In line with this, the supplier standard commits the government to ensuring that there is ongoing engagement between suppliers and government. It also says that procurement should take place through a transparent process with simple, clear and fast transactions.

Meanwhile, on the supplier side, the principles require that the user need is put first, adding that suppliers will have to respond quickly and efficiently to changes in user needs and that they should not add unnecessary extras to services.

Gummer said the aim was to “re-establish that the relationship between government and people is service”. He said that the least the government should offer is the ability to do things properly, get them right first time and without losing data.

“Anyone who has tried to engage with government online will know that government rarely presents itself as the servant of the people; in fact almost precisely the opposite in many instances,” he said.

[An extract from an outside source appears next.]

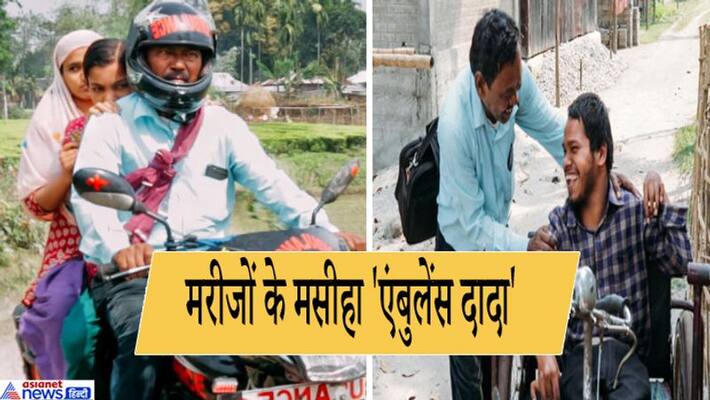 ambulance dada saving life of people on motor bike ambulance dada saving life of people on motor bike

The other points covered by the standard include that suppliers must support the government’s need for free and open access to anonymised user and service data and that services are built on open standards with reusable components.

In a later panel debate discussing the standard, Andy Beale, chief technology officer at the Government Digital Service, said that it was important that there was collaboration, both within government and between Whitehall and suppliers.

In response to a question about making procurement easier, Beale said that both the GDS and the Crown Commercial Service had done a lot of work to “take the friction out” of the process – such as by creating the Digital Marketplace – but that they recognised there was more to be done.

“The point of standard is to work together and figure out where pain points are,” he said. “And it gives you permission to call it out if it’s not happening.”

Meanwhile, Sharon Bagshaw, vice-president for central government, defence, health and life sciences at IBM UK, said that, from a supplier’s perspective the principles allowed better collaboration. “For sure the world isn’t perfect at the moment,” she said, “but the door is open for us as an industry, and it’s a good opportunity for us to further reinforce and reflect, from an industry point of view, what works and what doesn’t.”